Source records:
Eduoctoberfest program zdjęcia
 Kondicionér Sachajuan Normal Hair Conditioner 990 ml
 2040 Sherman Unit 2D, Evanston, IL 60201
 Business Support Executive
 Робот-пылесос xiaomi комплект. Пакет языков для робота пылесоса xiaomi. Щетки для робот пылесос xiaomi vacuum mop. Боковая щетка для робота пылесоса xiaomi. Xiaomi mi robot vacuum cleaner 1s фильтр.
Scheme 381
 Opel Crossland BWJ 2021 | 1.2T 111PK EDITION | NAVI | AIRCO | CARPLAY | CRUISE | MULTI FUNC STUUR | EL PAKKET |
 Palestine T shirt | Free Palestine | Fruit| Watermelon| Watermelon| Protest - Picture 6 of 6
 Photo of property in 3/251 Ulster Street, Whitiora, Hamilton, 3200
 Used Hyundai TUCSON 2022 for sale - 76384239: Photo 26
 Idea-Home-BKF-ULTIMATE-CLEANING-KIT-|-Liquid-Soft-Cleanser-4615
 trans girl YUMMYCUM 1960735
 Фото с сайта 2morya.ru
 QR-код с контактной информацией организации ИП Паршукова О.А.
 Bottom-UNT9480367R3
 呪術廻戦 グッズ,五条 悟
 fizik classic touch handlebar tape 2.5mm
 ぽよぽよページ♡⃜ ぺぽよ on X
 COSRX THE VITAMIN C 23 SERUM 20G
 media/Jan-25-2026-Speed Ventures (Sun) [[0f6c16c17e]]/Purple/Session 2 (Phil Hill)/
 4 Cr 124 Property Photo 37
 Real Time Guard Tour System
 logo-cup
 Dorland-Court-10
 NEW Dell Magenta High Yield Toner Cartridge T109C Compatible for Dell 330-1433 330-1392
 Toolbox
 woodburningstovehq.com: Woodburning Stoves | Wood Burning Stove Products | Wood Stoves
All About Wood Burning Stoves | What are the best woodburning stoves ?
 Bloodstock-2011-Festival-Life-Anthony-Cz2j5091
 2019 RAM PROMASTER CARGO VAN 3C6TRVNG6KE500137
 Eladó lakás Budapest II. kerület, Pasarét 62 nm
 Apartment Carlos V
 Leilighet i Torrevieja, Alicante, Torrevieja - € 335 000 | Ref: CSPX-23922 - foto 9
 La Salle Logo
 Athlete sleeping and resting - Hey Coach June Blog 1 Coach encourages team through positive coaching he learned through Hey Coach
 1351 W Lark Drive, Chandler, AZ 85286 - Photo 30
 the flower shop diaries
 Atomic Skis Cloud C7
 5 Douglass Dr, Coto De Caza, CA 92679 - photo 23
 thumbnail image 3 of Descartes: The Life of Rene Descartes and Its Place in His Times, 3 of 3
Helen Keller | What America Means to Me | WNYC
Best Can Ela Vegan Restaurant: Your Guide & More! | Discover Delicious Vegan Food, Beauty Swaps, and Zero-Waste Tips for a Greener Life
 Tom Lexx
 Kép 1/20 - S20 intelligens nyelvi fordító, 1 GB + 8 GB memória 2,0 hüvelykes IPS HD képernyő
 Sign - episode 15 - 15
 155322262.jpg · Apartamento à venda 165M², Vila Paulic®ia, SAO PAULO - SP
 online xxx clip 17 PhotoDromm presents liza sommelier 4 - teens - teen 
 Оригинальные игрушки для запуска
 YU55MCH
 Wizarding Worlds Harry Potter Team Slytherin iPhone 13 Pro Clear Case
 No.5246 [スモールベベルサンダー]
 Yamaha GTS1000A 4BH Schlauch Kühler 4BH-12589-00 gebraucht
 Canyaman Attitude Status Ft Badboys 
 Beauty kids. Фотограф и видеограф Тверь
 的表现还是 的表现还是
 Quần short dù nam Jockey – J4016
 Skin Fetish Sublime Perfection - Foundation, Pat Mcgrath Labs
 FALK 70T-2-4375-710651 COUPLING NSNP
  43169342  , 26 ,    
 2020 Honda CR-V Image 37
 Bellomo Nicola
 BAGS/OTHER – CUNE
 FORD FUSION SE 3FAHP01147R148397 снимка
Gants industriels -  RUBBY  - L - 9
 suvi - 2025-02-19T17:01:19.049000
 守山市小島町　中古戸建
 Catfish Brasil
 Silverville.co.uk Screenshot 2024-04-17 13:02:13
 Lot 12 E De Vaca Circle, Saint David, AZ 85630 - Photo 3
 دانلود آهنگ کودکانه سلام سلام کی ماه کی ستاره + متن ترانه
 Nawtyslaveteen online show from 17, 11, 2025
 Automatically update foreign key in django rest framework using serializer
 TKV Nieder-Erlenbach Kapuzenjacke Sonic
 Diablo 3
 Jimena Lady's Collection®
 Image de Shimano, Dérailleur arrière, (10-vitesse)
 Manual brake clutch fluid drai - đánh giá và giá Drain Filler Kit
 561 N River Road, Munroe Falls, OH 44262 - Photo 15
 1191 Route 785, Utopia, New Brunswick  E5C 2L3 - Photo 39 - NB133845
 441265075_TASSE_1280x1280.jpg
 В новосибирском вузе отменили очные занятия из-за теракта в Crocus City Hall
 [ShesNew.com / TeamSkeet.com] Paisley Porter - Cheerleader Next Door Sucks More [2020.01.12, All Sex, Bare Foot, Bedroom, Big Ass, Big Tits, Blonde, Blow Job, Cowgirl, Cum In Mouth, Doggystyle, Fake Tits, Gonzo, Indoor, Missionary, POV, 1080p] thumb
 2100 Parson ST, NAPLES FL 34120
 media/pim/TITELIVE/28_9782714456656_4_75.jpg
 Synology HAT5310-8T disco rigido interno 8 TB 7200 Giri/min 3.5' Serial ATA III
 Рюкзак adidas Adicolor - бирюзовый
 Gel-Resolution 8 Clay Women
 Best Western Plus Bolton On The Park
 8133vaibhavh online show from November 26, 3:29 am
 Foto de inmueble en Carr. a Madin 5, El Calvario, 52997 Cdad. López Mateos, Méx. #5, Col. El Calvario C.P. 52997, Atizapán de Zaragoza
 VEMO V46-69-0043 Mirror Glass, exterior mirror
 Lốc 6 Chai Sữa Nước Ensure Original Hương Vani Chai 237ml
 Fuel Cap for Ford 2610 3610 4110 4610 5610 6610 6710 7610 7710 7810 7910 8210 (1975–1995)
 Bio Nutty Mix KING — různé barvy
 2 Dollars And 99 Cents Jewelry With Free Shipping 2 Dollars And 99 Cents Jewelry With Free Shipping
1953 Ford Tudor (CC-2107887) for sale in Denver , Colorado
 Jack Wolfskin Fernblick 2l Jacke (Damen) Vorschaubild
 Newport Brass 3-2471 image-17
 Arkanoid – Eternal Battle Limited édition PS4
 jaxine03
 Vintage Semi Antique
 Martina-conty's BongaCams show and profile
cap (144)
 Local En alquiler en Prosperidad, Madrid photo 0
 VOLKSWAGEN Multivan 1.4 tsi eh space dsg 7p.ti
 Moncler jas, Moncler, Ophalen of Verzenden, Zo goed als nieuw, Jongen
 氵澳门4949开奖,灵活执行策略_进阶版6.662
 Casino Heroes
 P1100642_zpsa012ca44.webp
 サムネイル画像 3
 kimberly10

What the task asks: Of the lines in the data above, some may include the word "Beauty"; state how many, with no added words.

Task response: 2